Setelah sepuluh tahun PERDA Kota Makassar
No.15 Tahun 2009 dan dampaknya pada Kerentanan Perempuan Pedagang Saat Ini.
Modernisasi seringkali menjadi dalih
pemerintah menutupi kegagapan mereka merumuskan kebijakan. Semakin tampak jelas
jika itu berkaitan dengan pasar lokal atau yang biasa disebut dengan pasar
tradisional. Memisahkan ‘modern’ dan ‘tradisional’ adalah salah satu sumber
kegagapan pemerintah dalam memandang pasar lokal. Pemisahan tersebut
menempatkan pasar lokal pada posisi yang ‘tertinggal’ sehingga harus diubah dan
dibuat ‘maju’—cara pandang yang selalu mengabaikan kebutuhan para pedagang yang
berada di pasar lokal.
Salah satu
pasar lokal yang selalu menghadapi persoalan tersebut adalah Pasar Terong. Sejak
terbentuk di pertengahan dekade 60-an hingga saat ini, para pedagang di pasar
terong harus menjadi korban untuk memenuhi ‘modernisasi’ yang ditafsirkan
semena-mena oleh pemerintah. Dari penggusuran hingga perubahan bentuk fisik
dari pasar terong.
“Pedagang
di Pasar Terong itu kebiasaannya menghampar barang dagangan, bukan disusun
dalam kios-kios. Makanya pas dibuatkan pasar model mall lengkap dengan
eskalator canggih, cuma berjalan tiga bulan, setelah itu pedagang beramai-ramai
tinggalkan tempatnya di lantai 3 dan menggelar jualannya di pinggir jalan.

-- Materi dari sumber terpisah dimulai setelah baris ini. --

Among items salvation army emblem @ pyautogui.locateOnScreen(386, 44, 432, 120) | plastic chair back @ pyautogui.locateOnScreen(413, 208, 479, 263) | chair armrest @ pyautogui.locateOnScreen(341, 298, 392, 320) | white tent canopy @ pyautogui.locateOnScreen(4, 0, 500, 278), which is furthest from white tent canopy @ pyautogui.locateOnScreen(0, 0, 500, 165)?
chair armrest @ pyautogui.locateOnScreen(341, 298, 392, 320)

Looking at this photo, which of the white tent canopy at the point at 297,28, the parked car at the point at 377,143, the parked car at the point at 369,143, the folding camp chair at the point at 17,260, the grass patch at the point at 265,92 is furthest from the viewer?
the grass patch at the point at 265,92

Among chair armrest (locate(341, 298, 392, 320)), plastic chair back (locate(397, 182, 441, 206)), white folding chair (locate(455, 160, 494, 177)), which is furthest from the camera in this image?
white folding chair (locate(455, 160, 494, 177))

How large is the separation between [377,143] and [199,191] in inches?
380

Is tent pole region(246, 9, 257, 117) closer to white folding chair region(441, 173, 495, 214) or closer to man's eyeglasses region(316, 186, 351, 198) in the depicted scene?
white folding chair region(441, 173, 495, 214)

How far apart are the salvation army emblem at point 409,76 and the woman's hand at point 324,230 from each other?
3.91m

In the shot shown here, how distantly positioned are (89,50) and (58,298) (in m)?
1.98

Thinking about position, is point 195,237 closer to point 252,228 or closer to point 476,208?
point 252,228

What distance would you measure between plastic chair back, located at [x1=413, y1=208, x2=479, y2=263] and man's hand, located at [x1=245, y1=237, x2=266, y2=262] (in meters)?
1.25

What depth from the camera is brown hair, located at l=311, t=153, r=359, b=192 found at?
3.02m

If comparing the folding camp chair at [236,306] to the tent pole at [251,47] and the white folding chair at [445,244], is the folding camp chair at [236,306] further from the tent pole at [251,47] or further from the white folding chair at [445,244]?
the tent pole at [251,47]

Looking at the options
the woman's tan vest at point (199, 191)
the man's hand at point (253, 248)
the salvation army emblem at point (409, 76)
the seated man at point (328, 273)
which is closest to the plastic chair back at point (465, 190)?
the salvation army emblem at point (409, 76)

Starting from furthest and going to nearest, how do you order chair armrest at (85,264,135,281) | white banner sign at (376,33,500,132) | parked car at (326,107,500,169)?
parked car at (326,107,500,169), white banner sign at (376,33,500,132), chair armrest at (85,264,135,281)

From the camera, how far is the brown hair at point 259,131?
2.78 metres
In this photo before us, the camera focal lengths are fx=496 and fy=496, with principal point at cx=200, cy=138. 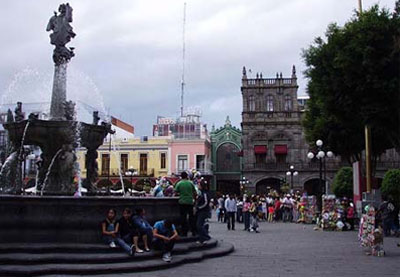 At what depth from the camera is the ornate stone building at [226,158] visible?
5672 centimetres

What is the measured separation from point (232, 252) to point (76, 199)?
14.1ft

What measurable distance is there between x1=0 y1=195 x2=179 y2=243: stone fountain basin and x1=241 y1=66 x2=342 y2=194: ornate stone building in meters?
42.6

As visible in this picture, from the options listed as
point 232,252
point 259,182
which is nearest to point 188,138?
point 259,182

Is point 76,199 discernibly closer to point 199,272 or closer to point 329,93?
point 199,272

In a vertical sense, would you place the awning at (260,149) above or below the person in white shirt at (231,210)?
above

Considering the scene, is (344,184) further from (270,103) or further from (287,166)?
(270,103)

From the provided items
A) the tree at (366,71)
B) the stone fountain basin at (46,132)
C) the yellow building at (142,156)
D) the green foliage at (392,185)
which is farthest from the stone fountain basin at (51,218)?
the yellow building at (142,156)

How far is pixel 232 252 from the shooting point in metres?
11.9

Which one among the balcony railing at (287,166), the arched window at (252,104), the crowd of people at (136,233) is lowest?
the crowd of people at (136,233)

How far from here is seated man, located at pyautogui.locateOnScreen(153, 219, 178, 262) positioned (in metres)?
9.48

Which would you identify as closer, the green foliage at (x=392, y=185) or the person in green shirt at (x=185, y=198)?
the person in green shirt at (x=185, y=198)

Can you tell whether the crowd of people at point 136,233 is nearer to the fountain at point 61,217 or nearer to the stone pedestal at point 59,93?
the fountain at point 61,217

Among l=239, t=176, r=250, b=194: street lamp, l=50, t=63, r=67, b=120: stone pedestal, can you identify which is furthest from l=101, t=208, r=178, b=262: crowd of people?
l=239, t=176, r=250, b=194: street lamp

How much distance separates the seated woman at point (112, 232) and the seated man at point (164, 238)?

Lagipula siapa pembeli yang mau naik ke lantai 3 hanya untuk beli tomat?” Kata
Dg.Lala, ketua Persaudaraan Pedagang Pasar (SADAR), merespon pembangunan gedung
beralantai 4 yang memaksa pedagang untuk berpindah ke dalam gedung.
Persaudaraan
Pedagang Pasar (SADAR) terbentuk pada tahun 2003 sebagai medium para pedagang
menyatukan diri. Melalui organisasi tersebut, mereka melakukan berbagai aksi
protes dan perlawanan jika terjadi penggusuran, termasuk bermusyawarah menyusun
Rancangan Peraturan Daerah Tandingan dan mengajukannya ke Pemerintah Daerah. Meski
kemudian diabaikan, dan PERDA Kota Makassar No.15 Tahun 2009 Tentang
Perlindungan, Pemberdayaan Pasar Tradisional, dan Penataan Pasar Moderen di
Kota Makassar yang kemudian dikeluarkan tidak berjalan sebagaimana yang
diharapkan, namun SADAR dan para anggotanya mampu memberi kita perspektif
berbeda tentang kehidupan Pasar Lokal, khususnya yang ada di Pasar Terong.
Tahun
2009, SADAR bersama Active Society Institute (AcSI) melakukan penelitian
etnografi di Pasar Terong dan hasil penelitian mereka diterbitkan dalam buku
berjudul Dunia Dalam Kota. Buku
tersebut merekam denyut orang-orang yang menghidupkan Pasar Terong sebagai
pasar terpenting di Sulawesi Selatan sekaligus jantung penyebaran bahan-bahan
pangan untuk Indonesia Timur, hingga berbagai persoalan tentang betapa rumit
kehidupan para pedagang sejak dihadapkan dengan kepungan bentuk-bentuk pasar
yang baru. Buku terbitan Ininnawa tahun 2013 tersebut, juga memberi kita cara
memandang Pasar Terong yang tidak sebatas proses perdagangan maupun bangunan
fisik pasar. Namun, lebih dari itu, Pasar Terong adalah semesta yang di
dalamnya berkelindan setiap aspek yang dimiliki oleh manusia dan kehidupannya.
*
Sepuluh
tahun setelah penelitian bersama SADAR, tahun 2019 AcSI bekerja sama dengan
CIPG dan VOICE kembali mengadakan penelitian untuk menyingkap lebih jauh
persoalan pasar yang tidak sebatas interaksi perdagangan maupun perubahan
bangunan fisik. Kali ini, penelitian berfokus pada perempuan pedagang sebagai
pihak yang selama ini diabaikan dalam memandang Pasar Lokal.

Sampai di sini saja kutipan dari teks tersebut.